🤖 AI Summary
Current evaluations of large models predominantly rely on end-to-end metrics, which obscure the underlying causes of performance variations due to hardware and software configurations. This work proposes the first reproducible, execution-trace-based benchmarking framework that constructs a community-extensible, trace-level evidence ecosystem through fine-grained execution traces, YAML-based workload specifications, and containerized launch scripts. The framework enables in-depth analysis of computational, memory, and communication efficiency. Using this approach, the study systematically quantifies—for the first time—the impact of parallelization strategies, interconnect bandwidth, and framework-level optimizations on training performance. Key findings include: high compute-communication overlap does not necessarily reduce step time; doubling TPU interconnect bandwidth yields significantly greater benefits than on GPUs for small-to-medium workloads; and performance gaps of up to 3× exist between optimal configurations across different frameworks.
📝 Abstract
Evaluative claims about LLM infrastructure -- ``workload X is fastest on hardware Y with software Z'' -- depend on a complex configuration space spanning hardware accelerators, interconnect bandwidth, software frameworks, parallelism plans, and communication libraries. Current infrastructure evaluation benchmarks publish a small set of end-to-end numbers that do not explain why one configuration outperforms another. We present CCL-Bench, a trace-based benchmark that addresses the limitations of existing benchmarks by recording reusable evidence for every ML workload.
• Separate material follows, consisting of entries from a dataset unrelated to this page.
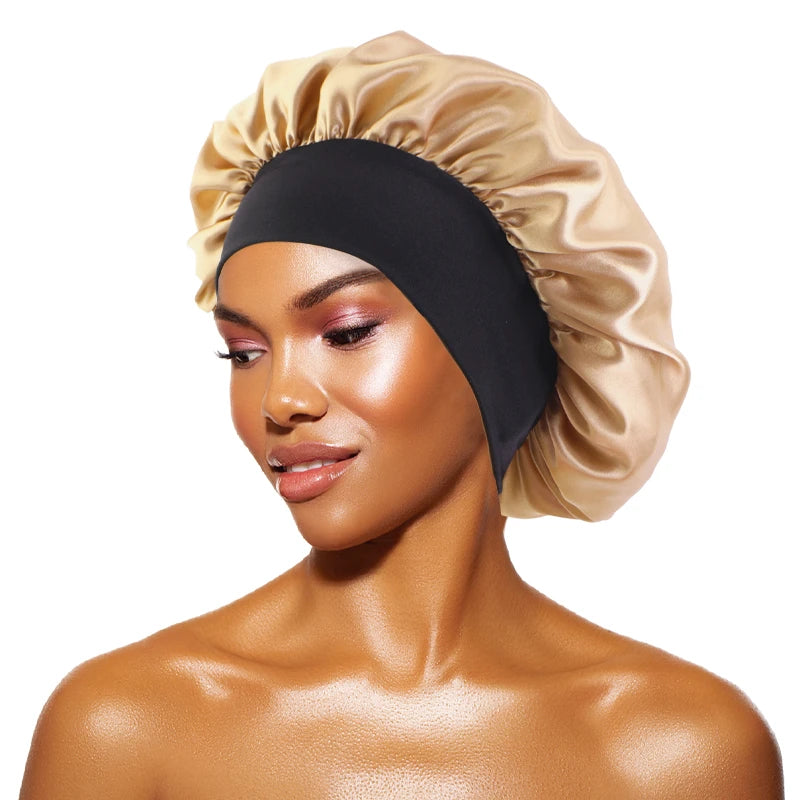 Bonnet Satin Nuit - Protection Cheveux Pendant le Sommeil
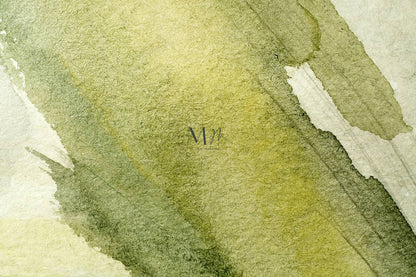 Manchas de acuarela verde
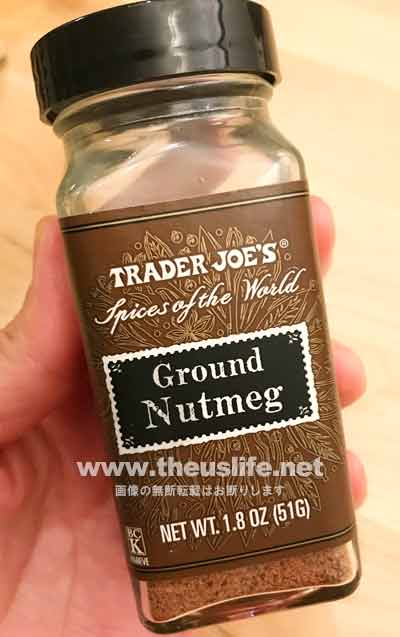 trader joes グラウンドナツメグ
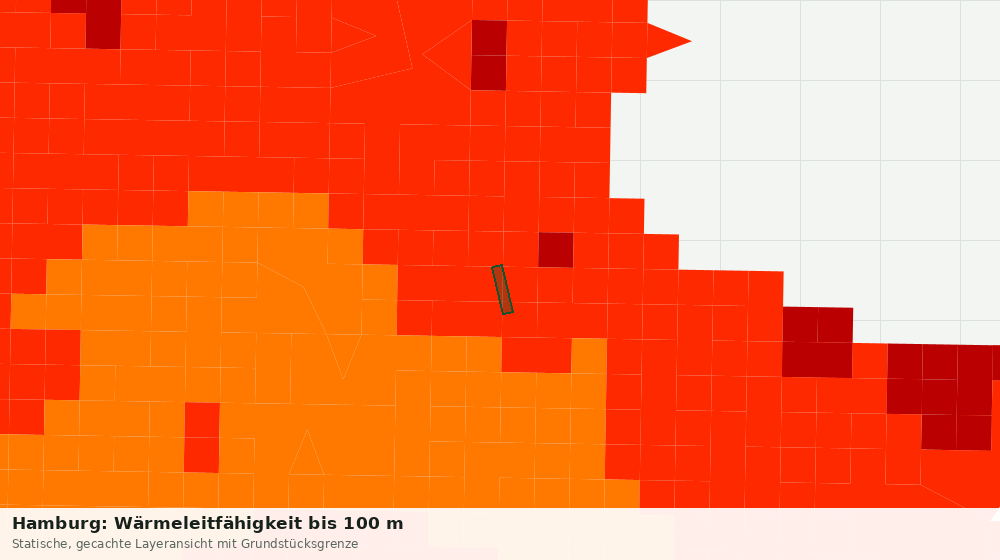Statische Kartenansicht: Hamburg: Wärmeleitfähigkeit bis 100 m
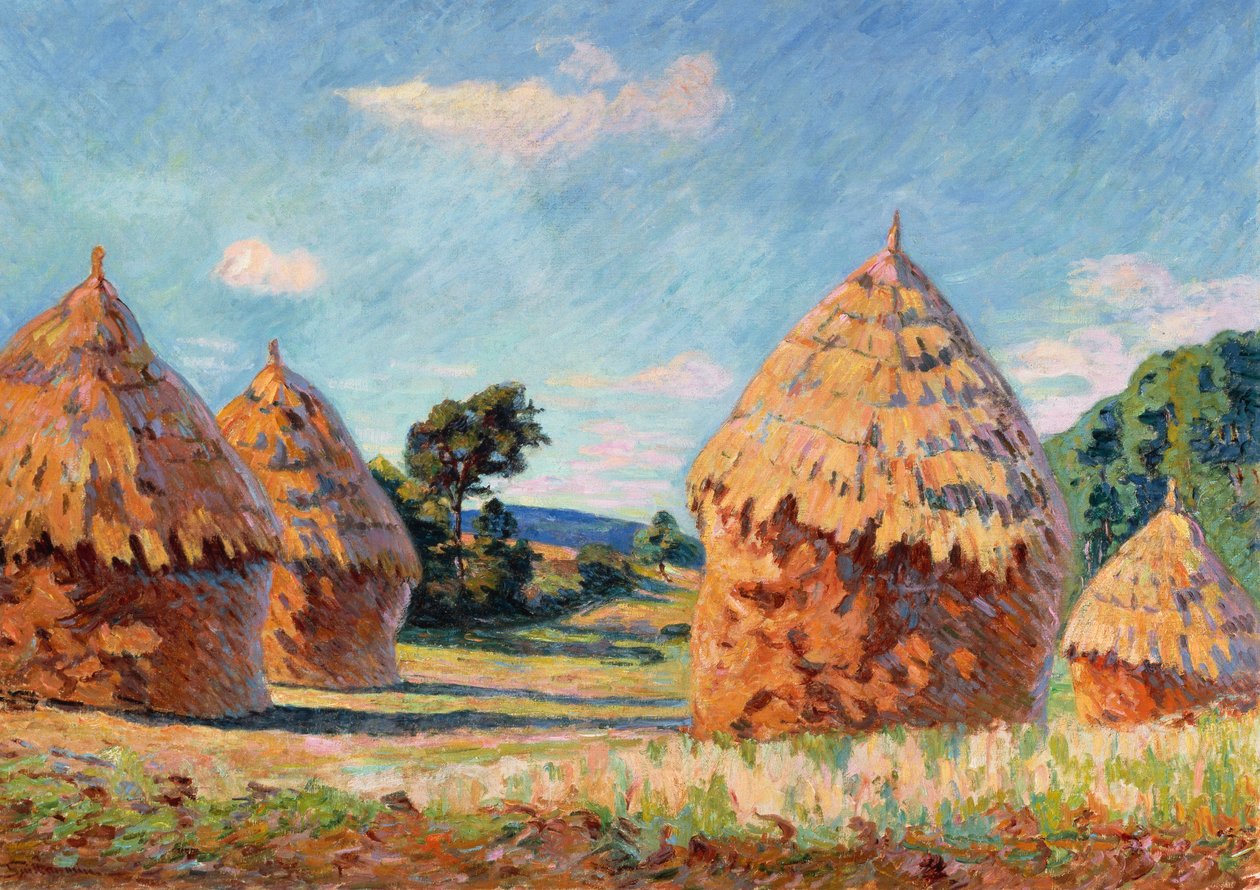 Höstackar, ca 1886 av Jean Baptiste Armand Guillaumin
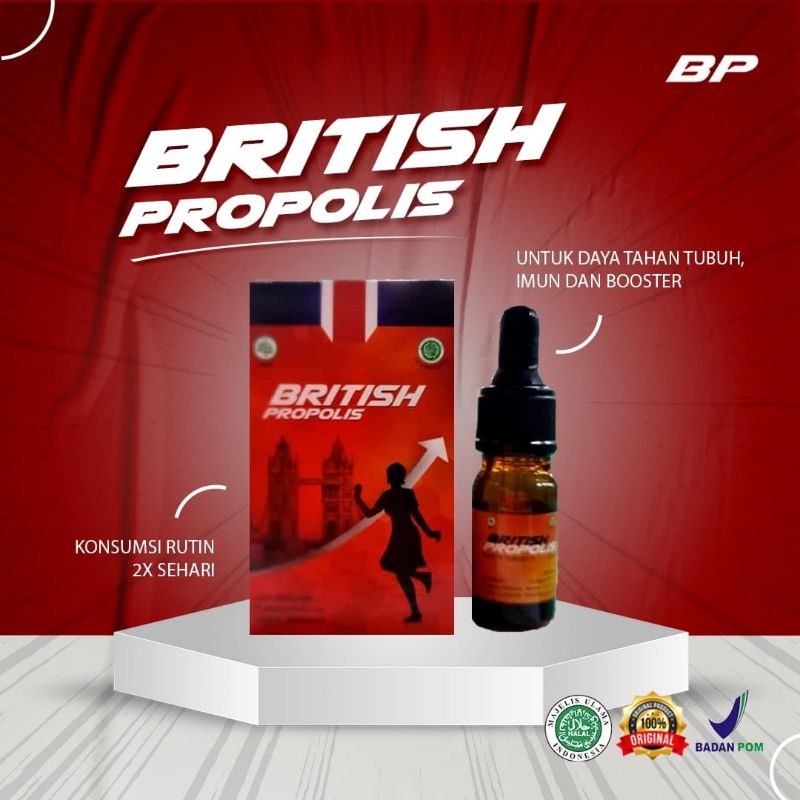 BRITISH PROPOLIS | ORIGINAL 100% | REGULER |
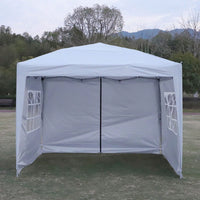 10x 10Ft Pop Up Gazebo Canopy Tent,Removable Sidewall With Zipper,2pcs Sidewall With Windows,With 4pcs Weight Sand Bag,With Carry Bag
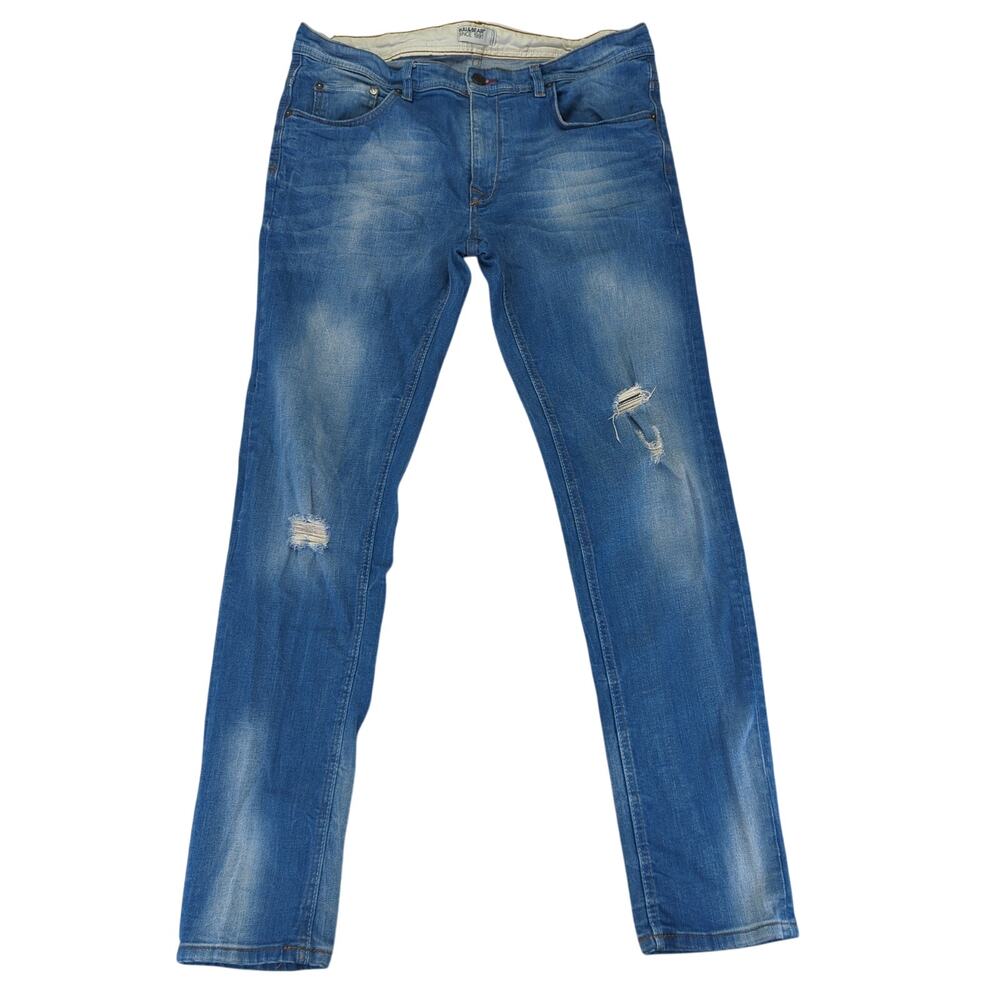 Pull & Bear Tapered Jeans Men's Size EU 46‎ Distressed US Size 36x32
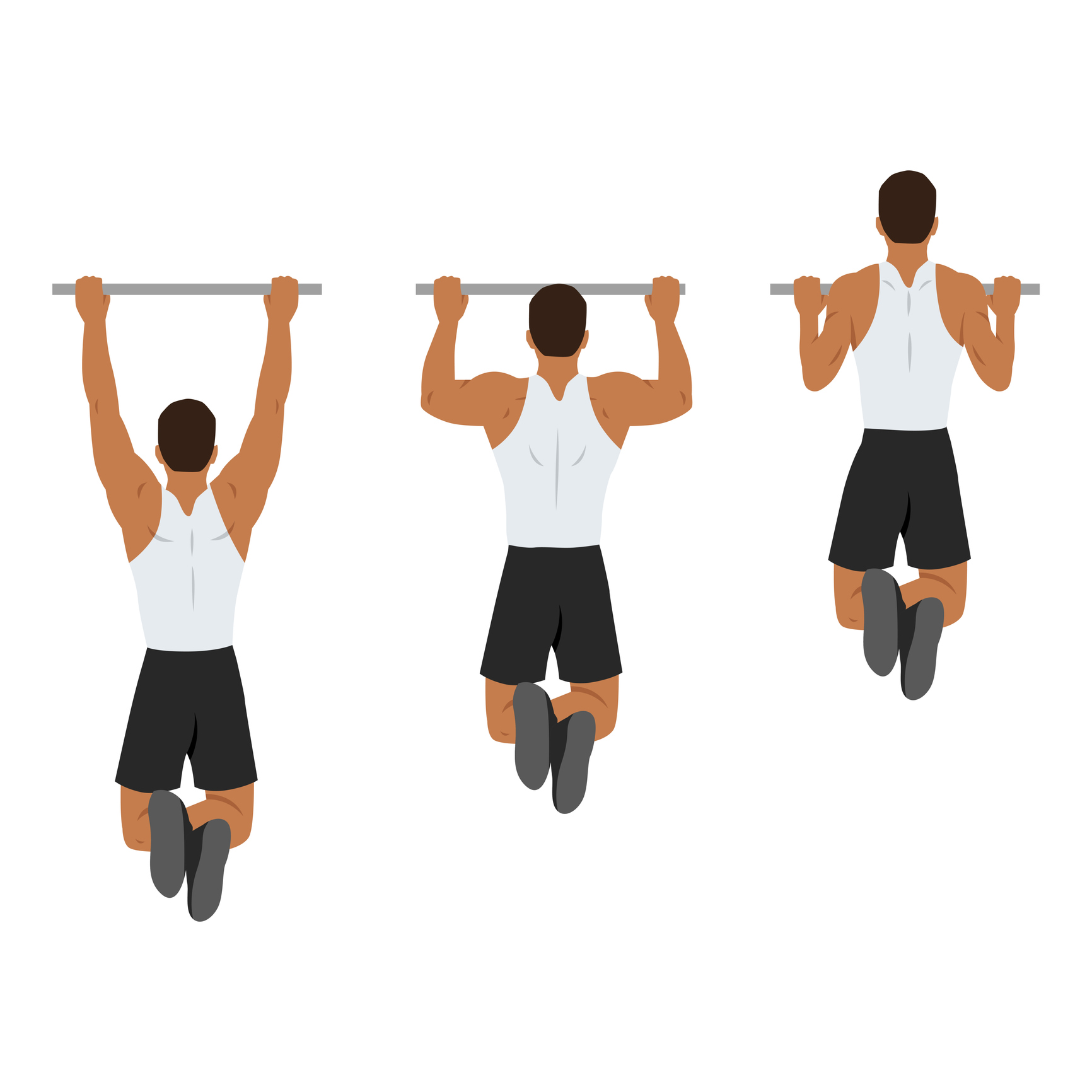 Trapeze shrugs are actually an exercise with your own body weight.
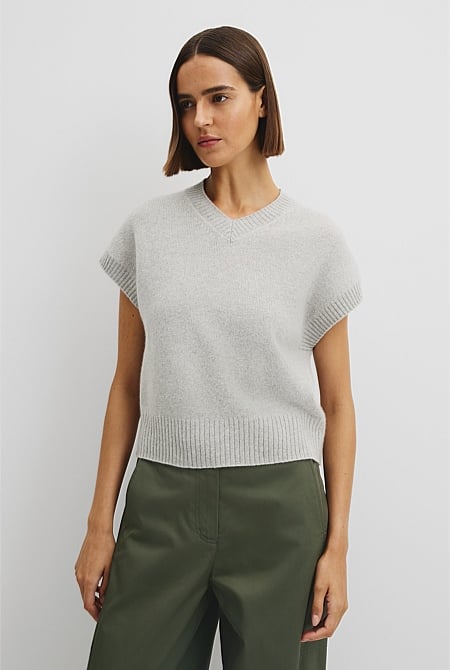 Short Sleeve Merino Wool Knit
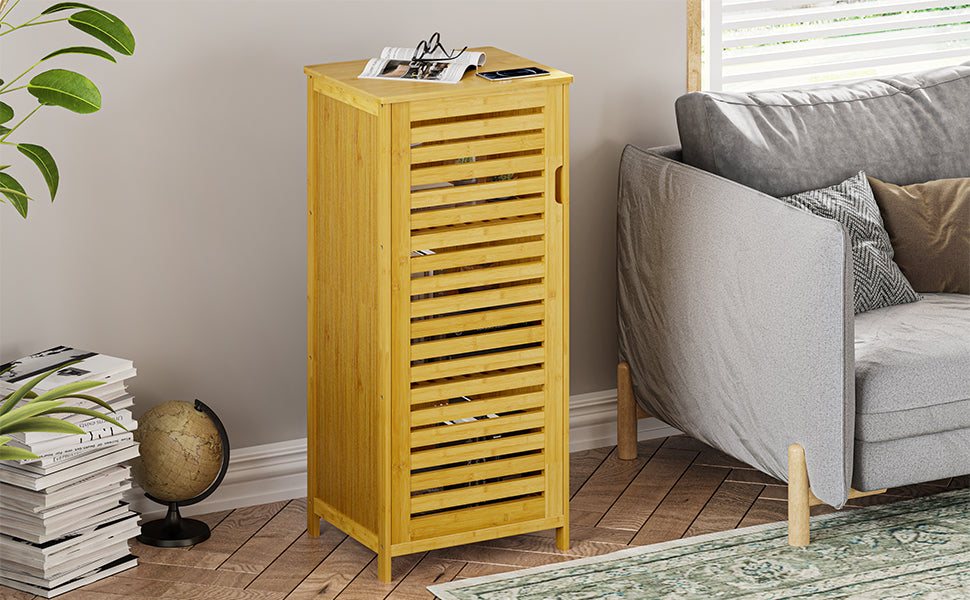 Narrow Bamboo  Cabinet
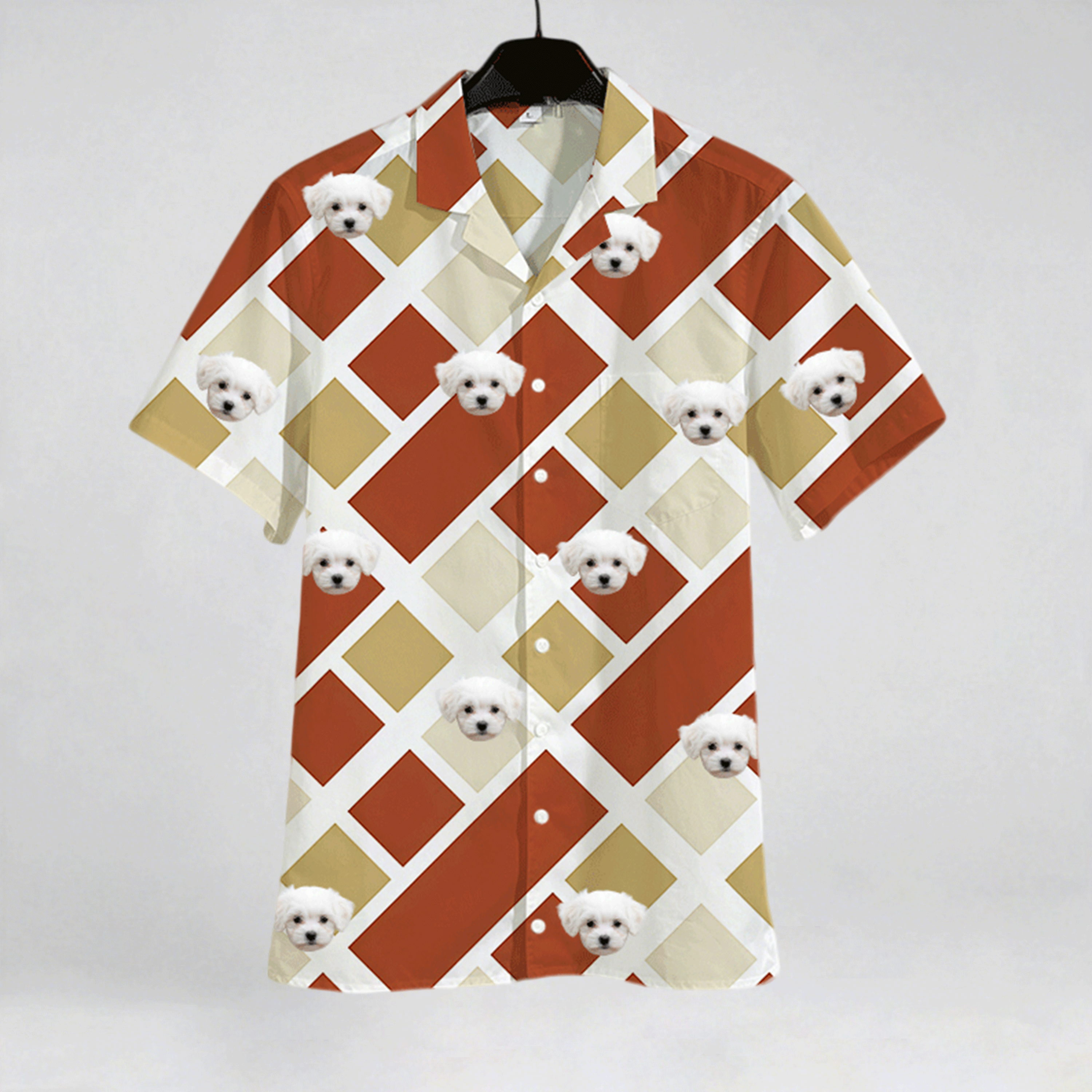 All-Over Print Men's Hawaiian Shirt With Button Closure |115GSM Cotton poplinAll-Over Print Men's Hawaiian Shirt With Button Closure |115GSM Cotton poplin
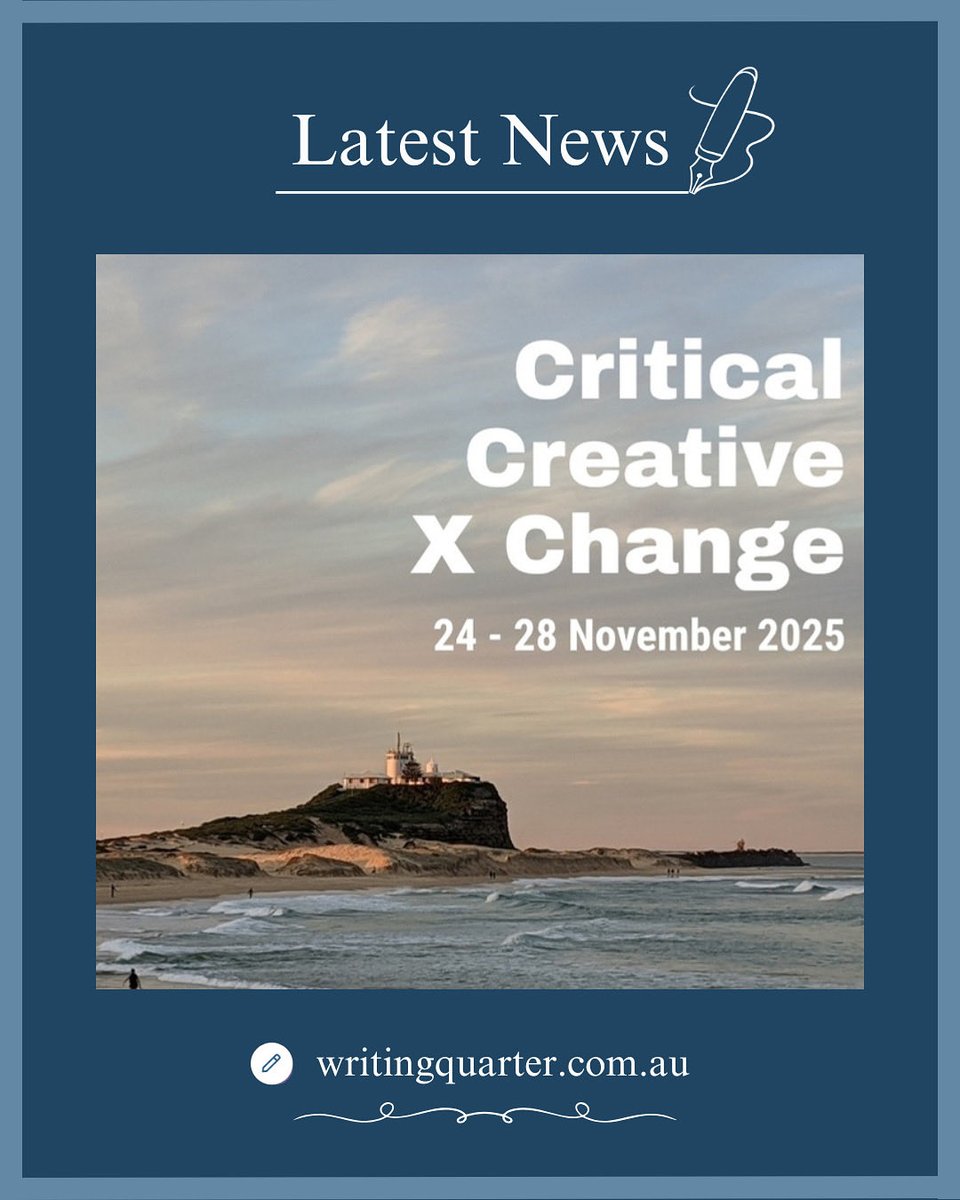 WritingQuarter's tweet photo. Latest News 📚

Hunter Writers’ Centre has announced Critical Creative X Change, a new week-long residency of ideas, art &amp; action. 🌟

Happening in Muloobinba/Newcastle this November. Apply now: 

https://t.co/mulEalL9Cg https://t.co/Z3tsSAO6zO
Each contributed data point in CCL-Bench packages an execution trace, a YAML workload card, and the launch scripts. We have developed a community-extensible toolkit to compute fine-grained compute, memory, and communication efficiency metrics from this evidence. Using CCL-Bench, we surface three claims that summary-statistic benchmarks cannot support: (i) higher compute-communication overlap can coincide with longer training step time and reveal inefficient parallelization choices, (ii) doubling TPU interconnect bandwidth yields a much higher end-to-end improvement in step time than doubling GPU interconnect bandwidth on small and medium workloads, and (iii) the best-tuned configuration on one training framework can run up to 3$\times$ slower than the best-tuned configuration on a peer framework on identical hardware.